BİSMİLLAHİRRAHMANİRRAHİM
Hamd Âlemlerin Rabbi olan ALLAH(C.C)’a mahsustur. Salat ve selam önderimiz başkomutanımız HZ. MUHAMMED(S.A.V)’e aline ashabına ve müminlerin üzerine olsun.
Birçoğumuzun göstermekte zorluk çektiği fakat hayatımız boyunca olmazsa olmaz olan kavramlardan sabıra değineceğiz. İnsan hayra, güzel günlere, bolluğa, etrafının kalabalık olmasına vs. sabreder. Önemli olan ise zor günlere, yokluğa, yalnızlığa, etrafın tarafından anlaşılmamaya sabretmektir. Kişi sabrın ona getireceği mükâfatları, aceleciliğin sabretmemenin ona vereceği mücazatı idrak etmediği sürece sabretme gereksiniminde bulunamaz. Bunun için sabır ne demektir, âlimler nasıl tarif etmişler, kuran ve sünnet çerçevesinde anlamaya gayret sarf edelim inşallah.
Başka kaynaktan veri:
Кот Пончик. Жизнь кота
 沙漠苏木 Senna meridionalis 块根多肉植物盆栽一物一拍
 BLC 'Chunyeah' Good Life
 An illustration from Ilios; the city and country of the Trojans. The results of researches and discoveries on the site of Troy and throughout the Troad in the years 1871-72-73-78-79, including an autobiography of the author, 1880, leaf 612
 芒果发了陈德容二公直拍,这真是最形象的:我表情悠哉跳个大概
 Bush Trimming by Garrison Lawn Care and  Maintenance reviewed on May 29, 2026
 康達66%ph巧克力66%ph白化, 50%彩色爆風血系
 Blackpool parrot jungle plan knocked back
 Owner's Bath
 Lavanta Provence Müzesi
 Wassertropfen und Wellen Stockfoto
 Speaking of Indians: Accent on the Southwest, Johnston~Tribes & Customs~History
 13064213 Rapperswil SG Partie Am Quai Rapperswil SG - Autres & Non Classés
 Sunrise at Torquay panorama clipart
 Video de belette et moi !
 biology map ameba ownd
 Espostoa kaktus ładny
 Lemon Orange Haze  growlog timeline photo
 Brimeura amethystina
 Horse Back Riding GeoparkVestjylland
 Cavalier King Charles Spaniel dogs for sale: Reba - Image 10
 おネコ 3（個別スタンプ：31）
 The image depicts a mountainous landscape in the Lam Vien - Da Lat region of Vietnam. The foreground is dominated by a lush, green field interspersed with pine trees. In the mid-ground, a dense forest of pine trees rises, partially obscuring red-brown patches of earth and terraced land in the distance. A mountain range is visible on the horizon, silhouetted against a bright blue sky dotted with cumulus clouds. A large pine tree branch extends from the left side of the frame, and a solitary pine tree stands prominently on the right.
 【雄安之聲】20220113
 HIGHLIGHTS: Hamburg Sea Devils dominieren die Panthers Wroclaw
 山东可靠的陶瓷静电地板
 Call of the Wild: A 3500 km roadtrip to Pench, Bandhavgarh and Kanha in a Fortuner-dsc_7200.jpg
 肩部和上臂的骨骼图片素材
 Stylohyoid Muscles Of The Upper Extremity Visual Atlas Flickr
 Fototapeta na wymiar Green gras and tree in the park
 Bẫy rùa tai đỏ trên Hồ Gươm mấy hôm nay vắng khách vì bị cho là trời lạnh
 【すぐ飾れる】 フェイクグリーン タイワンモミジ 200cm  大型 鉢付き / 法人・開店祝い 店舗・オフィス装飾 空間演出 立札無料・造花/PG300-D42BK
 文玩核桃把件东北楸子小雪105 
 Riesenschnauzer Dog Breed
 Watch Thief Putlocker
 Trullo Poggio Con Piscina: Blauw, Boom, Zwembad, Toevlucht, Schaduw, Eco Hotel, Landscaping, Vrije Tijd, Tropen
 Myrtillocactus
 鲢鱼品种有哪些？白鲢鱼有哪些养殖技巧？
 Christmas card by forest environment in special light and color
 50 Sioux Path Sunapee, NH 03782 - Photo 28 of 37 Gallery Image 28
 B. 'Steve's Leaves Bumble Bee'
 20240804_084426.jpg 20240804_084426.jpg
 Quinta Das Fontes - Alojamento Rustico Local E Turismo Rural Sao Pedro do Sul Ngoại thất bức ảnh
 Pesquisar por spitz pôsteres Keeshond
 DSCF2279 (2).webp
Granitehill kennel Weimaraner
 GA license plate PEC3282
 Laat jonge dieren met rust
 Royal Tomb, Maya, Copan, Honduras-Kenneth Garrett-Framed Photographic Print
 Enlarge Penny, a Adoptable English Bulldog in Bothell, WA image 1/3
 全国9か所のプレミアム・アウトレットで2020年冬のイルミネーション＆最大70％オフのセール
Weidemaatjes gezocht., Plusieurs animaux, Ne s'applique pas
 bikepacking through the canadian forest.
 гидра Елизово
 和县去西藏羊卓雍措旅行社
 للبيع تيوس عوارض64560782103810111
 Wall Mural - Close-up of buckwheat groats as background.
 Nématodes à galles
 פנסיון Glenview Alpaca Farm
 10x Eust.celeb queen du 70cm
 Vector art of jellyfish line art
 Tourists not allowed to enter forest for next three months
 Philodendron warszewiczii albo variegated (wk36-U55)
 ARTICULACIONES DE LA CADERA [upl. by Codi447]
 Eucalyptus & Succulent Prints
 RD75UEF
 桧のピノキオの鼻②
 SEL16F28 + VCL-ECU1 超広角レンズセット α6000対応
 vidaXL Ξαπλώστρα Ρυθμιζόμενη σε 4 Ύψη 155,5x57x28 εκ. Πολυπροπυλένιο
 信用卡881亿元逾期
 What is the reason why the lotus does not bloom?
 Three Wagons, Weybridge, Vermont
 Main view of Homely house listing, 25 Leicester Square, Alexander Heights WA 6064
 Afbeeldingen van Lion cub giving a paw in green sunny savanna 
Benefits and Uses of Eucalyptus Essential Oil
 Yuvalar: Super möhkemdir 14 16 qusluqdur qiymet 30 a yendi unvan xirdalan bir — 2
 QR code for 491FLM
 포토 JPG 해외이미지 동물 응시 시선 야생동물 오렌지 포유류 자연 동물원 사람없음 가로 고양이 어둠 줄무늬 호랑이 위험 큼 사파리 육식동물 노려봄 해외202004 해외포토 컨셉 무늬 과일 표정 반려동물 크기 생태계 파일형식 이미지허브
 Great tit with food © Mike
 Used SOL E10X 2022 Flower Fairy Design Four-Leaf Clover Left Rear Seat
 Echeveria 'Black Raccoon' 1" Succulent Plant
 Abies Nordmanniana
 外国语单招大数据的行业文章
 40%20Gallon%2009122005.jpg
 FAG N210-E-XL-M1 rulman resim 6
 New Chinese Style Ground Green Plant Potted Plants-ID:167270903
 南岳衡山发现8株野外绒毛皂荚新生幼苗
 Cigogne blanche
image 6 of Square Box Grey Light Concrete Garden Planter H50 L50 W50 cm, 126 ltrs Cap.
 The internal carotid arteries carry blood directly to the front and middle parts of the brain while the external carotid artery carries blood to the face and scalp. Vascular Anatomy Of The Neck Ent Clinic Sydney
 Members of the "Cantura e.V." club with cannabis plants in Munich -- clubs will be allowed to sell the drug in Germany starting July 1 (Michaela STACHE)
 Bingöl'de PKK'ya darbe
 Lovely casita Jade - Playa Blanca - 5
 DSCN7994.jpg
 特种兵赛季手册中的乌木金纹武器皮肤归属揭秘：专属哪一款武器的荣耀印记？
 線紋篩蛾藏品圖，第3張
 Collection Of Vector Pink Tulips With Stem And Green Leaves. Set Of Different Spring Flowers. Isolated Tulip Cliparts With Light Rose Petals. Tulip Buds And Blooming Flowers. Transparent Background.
“Sabır”, lugatta “menetmek” ve “habsetmek” manasındadır.
“Sabır”, insanın kendisini feryad etmekten, dilini şikayet etmekten, ellerini yüzüne, dizine vurmaktan ve elbiselerini yırtmaktan menetmesidir. Sabrın hakikati, insanın üstün ahlaklarından biridir. İnsan onunla güzel ve hoş olmayan işleri yapmaktan sakınır. Sabır, insanın kuvvetlerinden bir kuvvettir. İnsanın hali ve işleri ancak onunla düzelir ve yoluna girer.
Cüneyd b. Muhammed‘e sabırdan sorulduğunda; “sabır, insanın yüzünü ekşitmeden acıları yudumlamasıdır” diye cevap vermiştir.
Zünnûn da; “Sabır; insanın yasaklardan uzak kalması, belanın acılarını yudumlarken sükûnet ve vakarını muhafaza etmesi, fakir düştüğünde de zengin görünmesidir,” demiştir.
Bazıları da: “sabır; bela geldiğinde edep ve ciddiyeti muhafaza etmekten ibarettir”, demişlerdir..
Yani Allah Teala’nın kulu üzerinde hem afiyette ve hem de bela zamanında kulluk hakkı vardır. Buna göre; kulun afiyette iken şükretmesi bela zamanında, sabretmesi gerekir.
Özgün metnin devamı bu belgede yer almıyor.